Nezir: Kâfirleri ve Günahkârları Cehennemle Uyaran, Korkutan Peygamber

04:00 - 26/03/2024 Tuesday
Güncelleme: 02:45 - 26/03/2024 Tuesday
Yeni Şafak
Arşiv.
Arşiv.
Mehmet Nezir Gül

Yüce Rabb’imiz, kendisini tanıyalım, O’na ibadet edelim, helal haram sınırlarına riayet edelim, O’nu gereği gibi tanıyalım diye biz insanları yaratmıştır. İnsanların bir kısmı, yaradılış gayesine uygun olarak davranmakta ve ilahî nimetlere nail olmaktadır. Bir kısmı ise Allah’ın (cc) getirdiği helal haram sınırına asla dikkat etmeyip inanmamakta veya inansa da gereğini yapmamaktadır.

Birinci gruba giren insanlar; Allah’ın (cc) rahmetine, rızasına ve cennetine kavuşmaktadırlar.

İkinci grup insanlar ise Allah’ın (cc) gazabını, azabını ve cehennemini hak etmektedirler.

İşte peygamberlerin “nezir” özelliği bu ikinci aşamada devreye girmektedir.

Nezir; korkutan, uyaran, ikaz eden demektir.
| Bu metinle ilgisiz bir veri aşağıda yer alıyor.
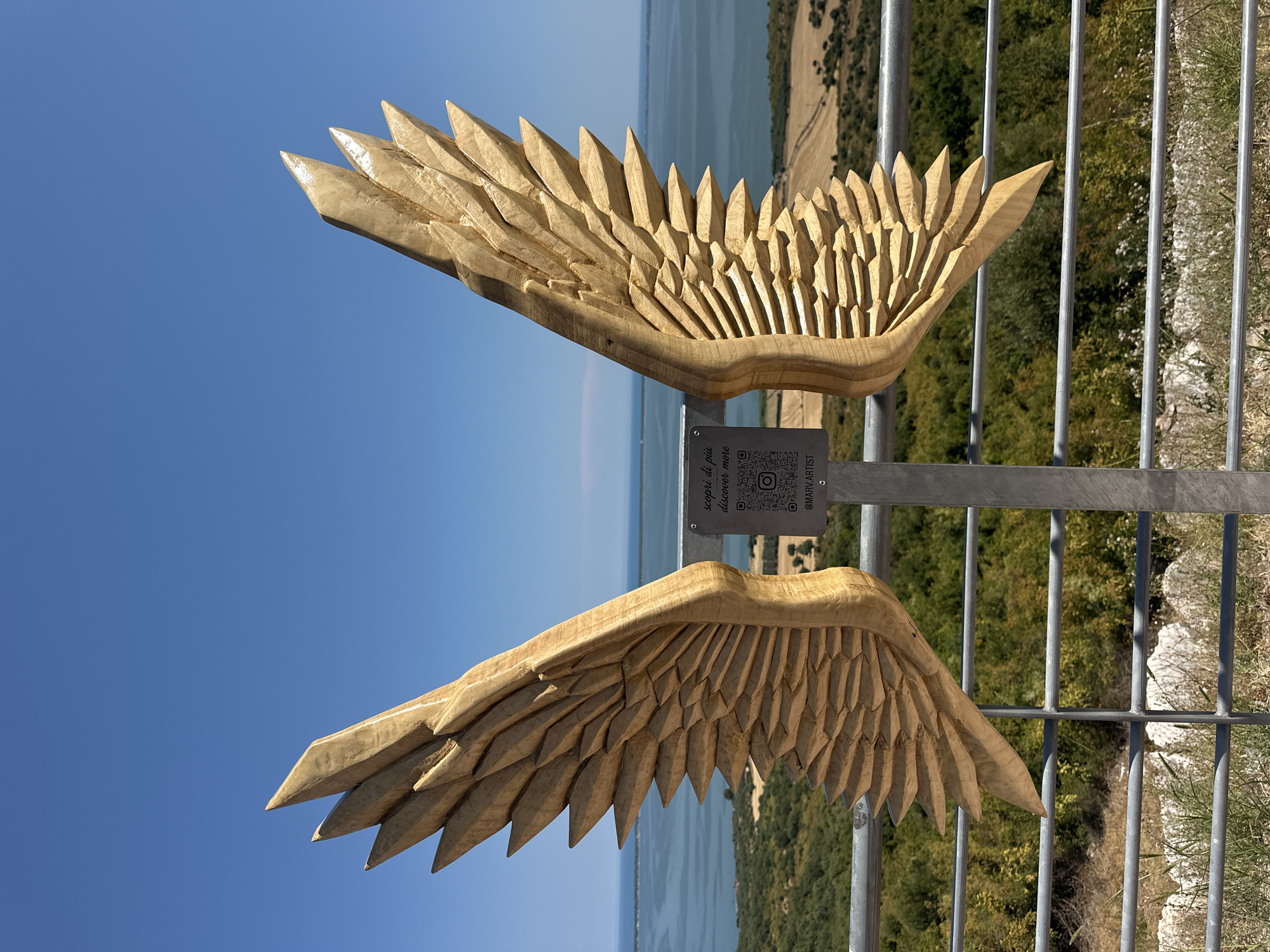 Carved wooden wings at a coastal overlook in Cagnano Varano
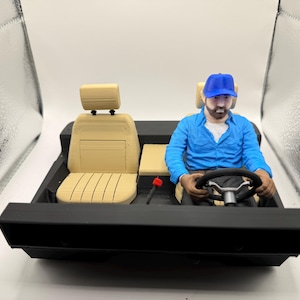 May include: A 3D-printed model of a car interior with a driver. The interior features a tan seat, a black dashboard, and a steering wheel. The driver figure is wearing a blue shirt and a blue cap.
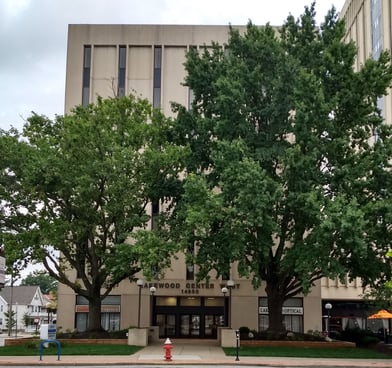 Lakewood Center West building partially obscured by trees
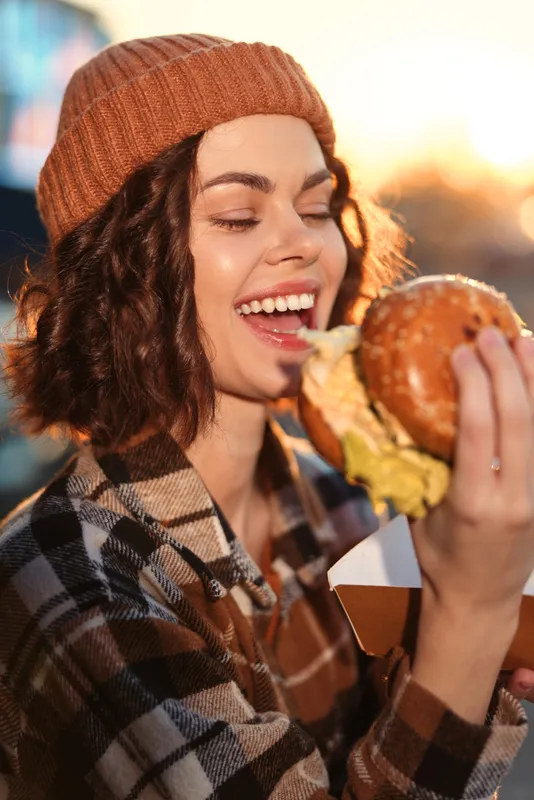 Woman burger smile outdoors beanie plaid enjoying a juicy burger in warm golden hour glow, candid lifestyle portrait with authenticity and emotional storytelling, cozy urban mindful living moment.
Tüm peygamberler nezirdir.

Kur’an da nezirdir.

“Bu kitap müjdeleyici ve uyarıcıdır. Fakat onların çoğu yüz çevirdi. Artık dinlemezler.” (Fussilet, 41/3-4)


Hz. Muhammed (sav) Nezirdir.

“De ki: Ey insanlar! Ben ancak sizin için apaçık bir (nezir) uyarıcıyım.” (Hac, 22/49)

“Kâfirler diyorlar ki: Ona Rabb’inden bir mucize indirilseydi ya! (Hâlbuki) sen ancak bir uyarıcısın ve her toplumun bir rehberi vardır.” (Ra’d, 13/7) “Ey Peygamber! Biz seni hakikaten bir şahit, bir müjdeleyici ve bir uyarıcı olarak gönderdik.” (Ahzap, 33/45)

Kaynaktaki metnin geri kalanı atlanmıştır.